寫在前面
文章的原文很多地方都能找到
我貼一處起源引擎(Source Engine)開發公司Valve Software的網址,其他的我,提供一處steam的。
① V社 VALVE(Dota2、半條命的開發) Source Multiplayer Networking
https://developer.valvesoftware.com/wiki/Source_Multiplayer_Networking
② Steam CSGO(Counter-Strike: Global Offensive)Source Multiplayer Networking
http://steamcommunity.com/sharedfiles/filedetails/?id=527313998
也有人做過優秀翻譯 【騰訊GAD譯館】 Source引擎多人模式網絡同步模型,我只是因爲自己注意力渙散覺得文章乾澀不寫下來就看不動,也請閱讀的大家不要用我的渣翻水平做橫向對比,取得必要知識信息就好。
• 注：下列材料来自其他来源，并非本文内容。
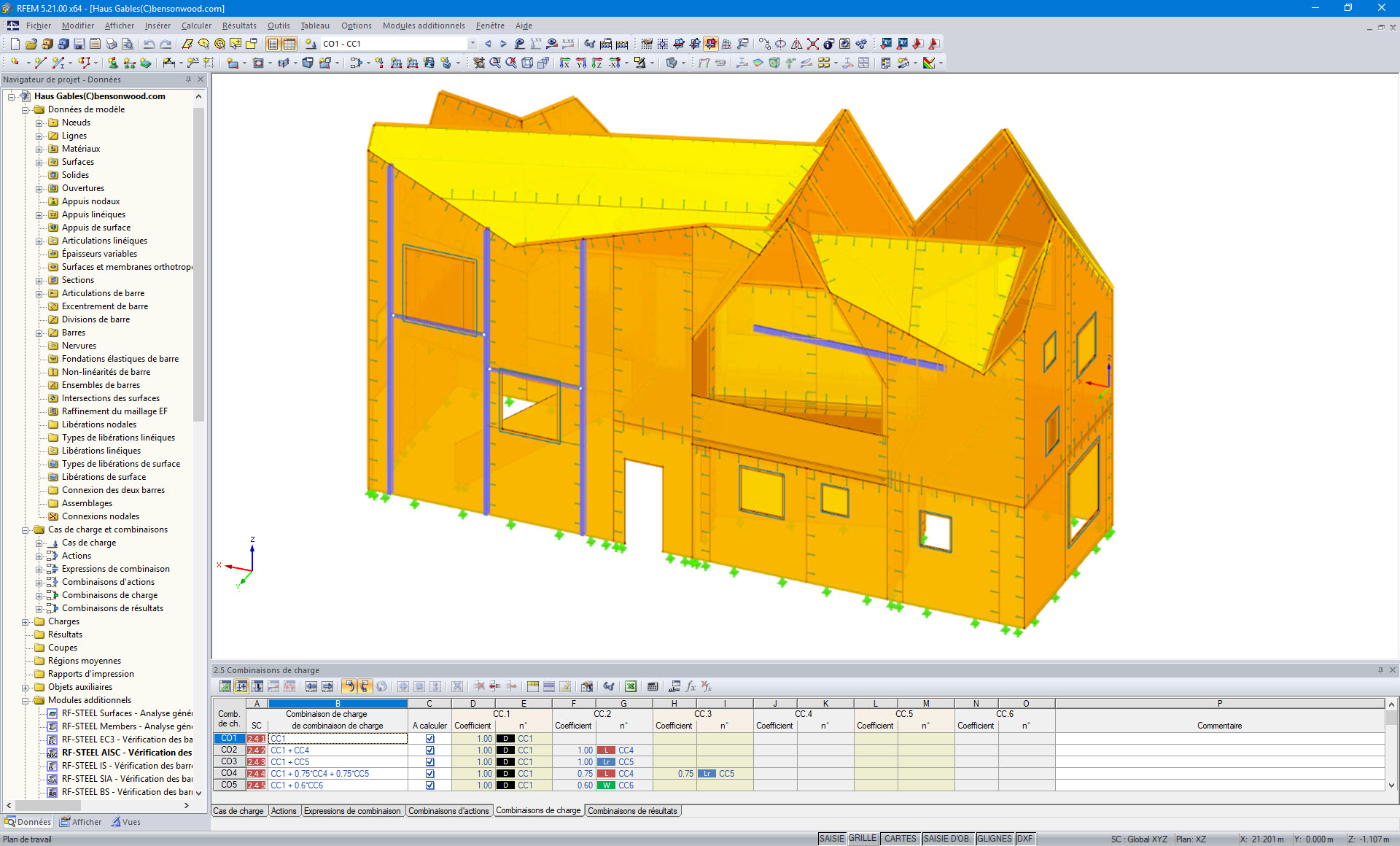 Modèle 3D de la House Gables dans RFEM (© Bensonwood)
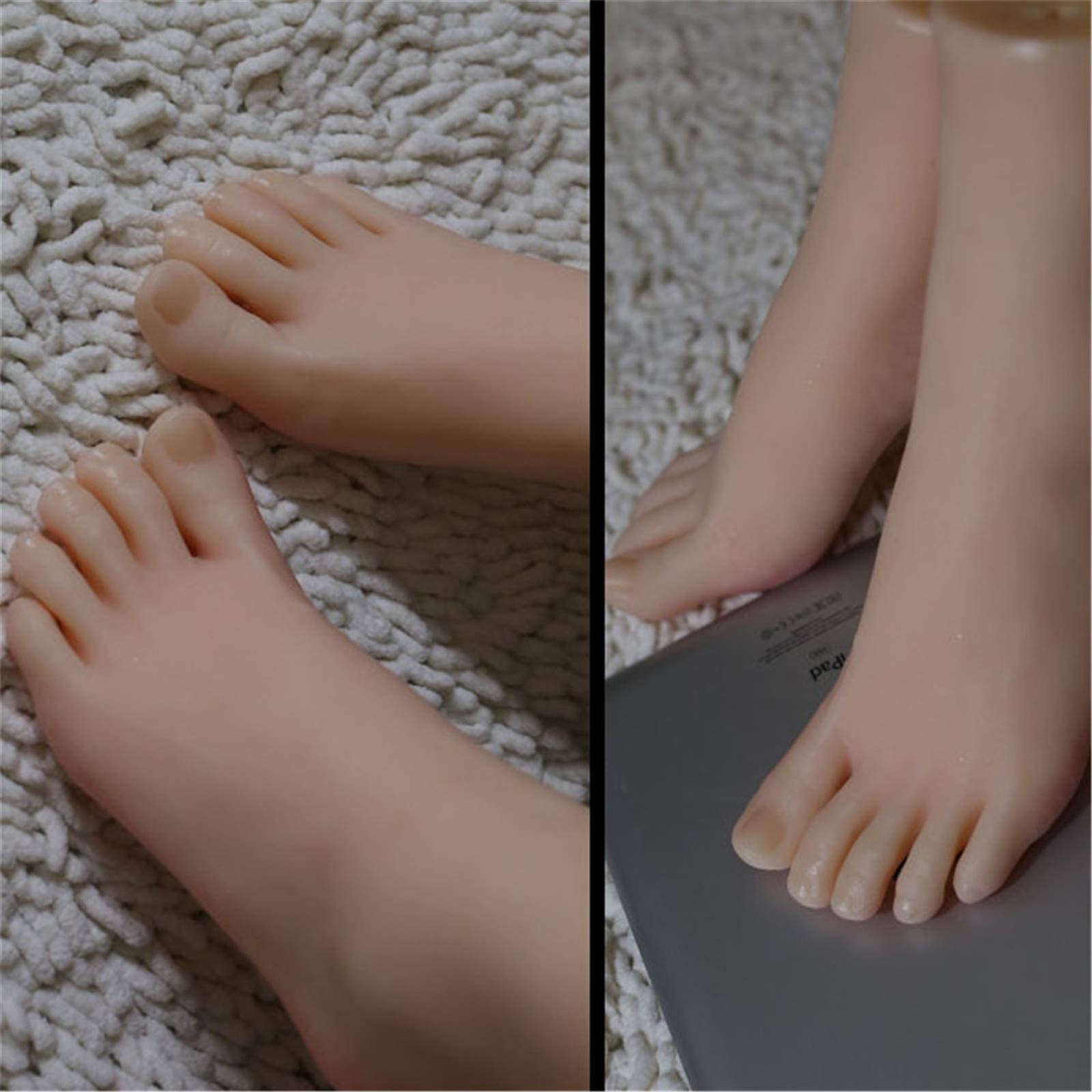 1 Paar Mannequin Weiblich Fuß 1 Paar Silikon Füße, Schönes Fußmodell mit Strümpfen hat realistische visuelle Konflikte 36 EIN lebensechtes weibliches Fußmodell,Left Foot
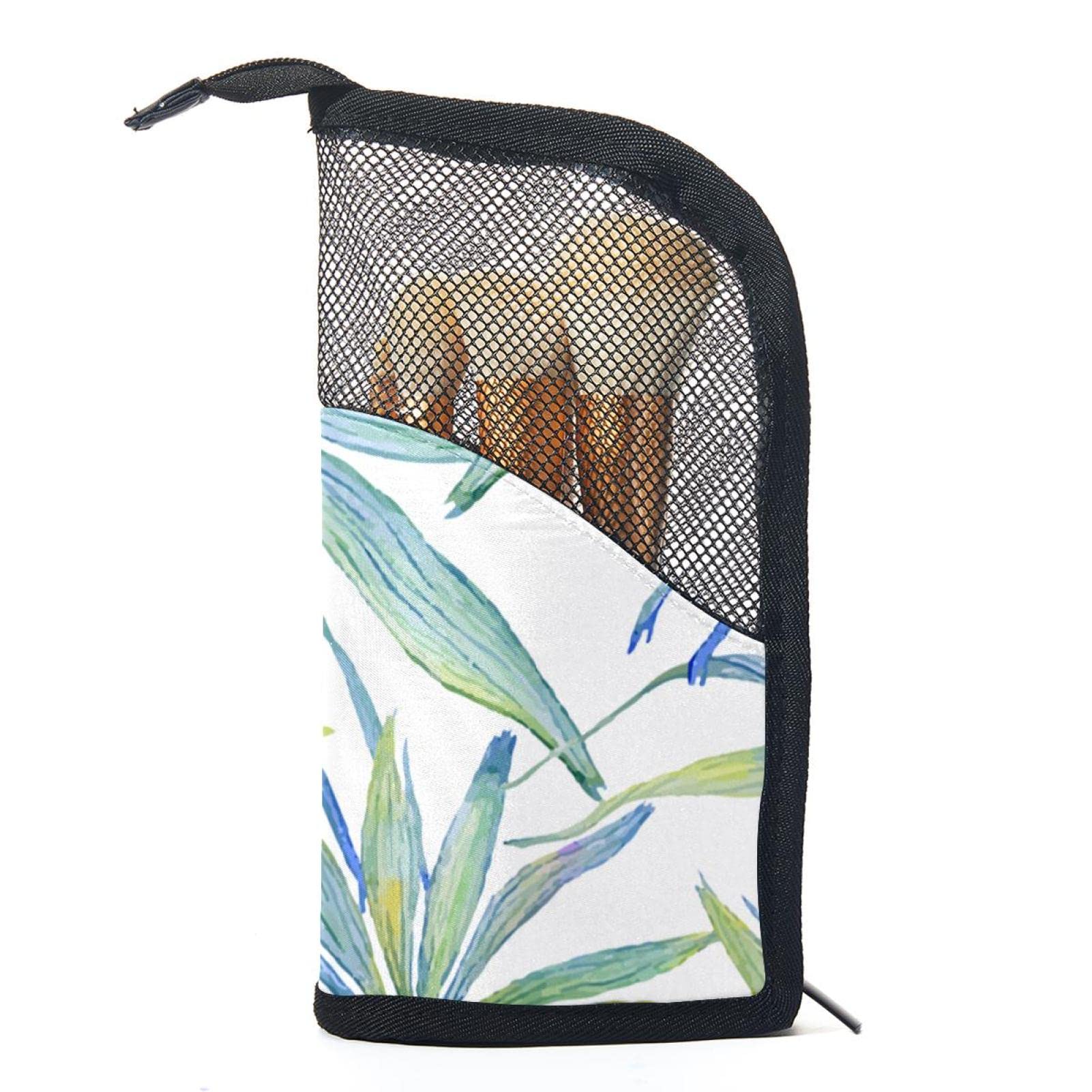 12-Piece Makeup Brush Organizer Bag with Watercolor Palm Leaves Design - Portable Travel Cosmetic Brush Holder Case for Home, Salon & On-The-Go Use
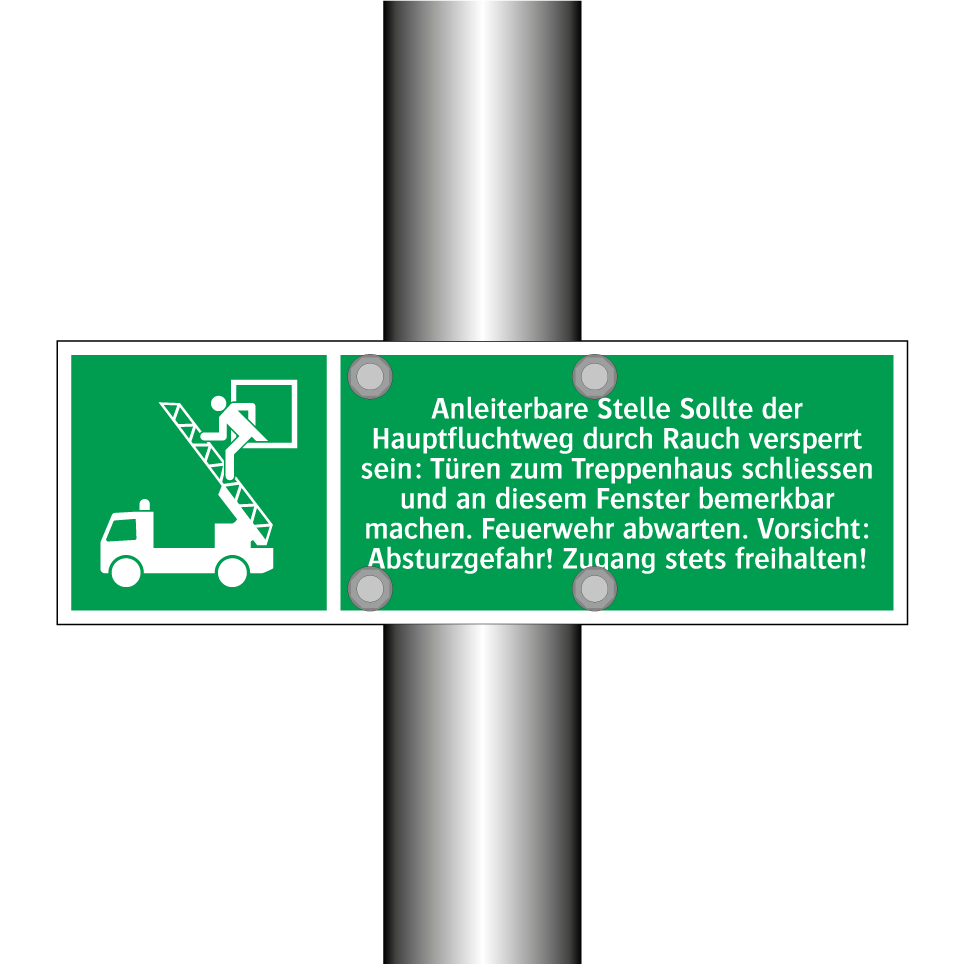 Anleiterbare Stelle Sollte der Hauptfluchtweg durch Rauch versperrt sein: Türen zum Treppenhaus schliessen und an diesem Fenster bemerkbar machen. Feuerwehr abwarten. Vorsicht: Absturzgefahr! Zugang stets freihalten!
【2017-09-05補充】 找資料途中發現一篇更加準確的翻譯https://tieba.baidu.com/p/1819264994 搬運原文地址已不可尋,貼吧排版不是很方便閱讀。(所以我的坑還是會填完的~)
【2018-03-12補充】 對格式進行了整理,逐句的方式太影響閱讀體驗了,內容和原來還是相同的。
正文
索引
概述 (本篇)
基礎部分 Basic networking(本篇)
支持Tickrate修改的服務器 Servers that Support Tickrate(第二篇)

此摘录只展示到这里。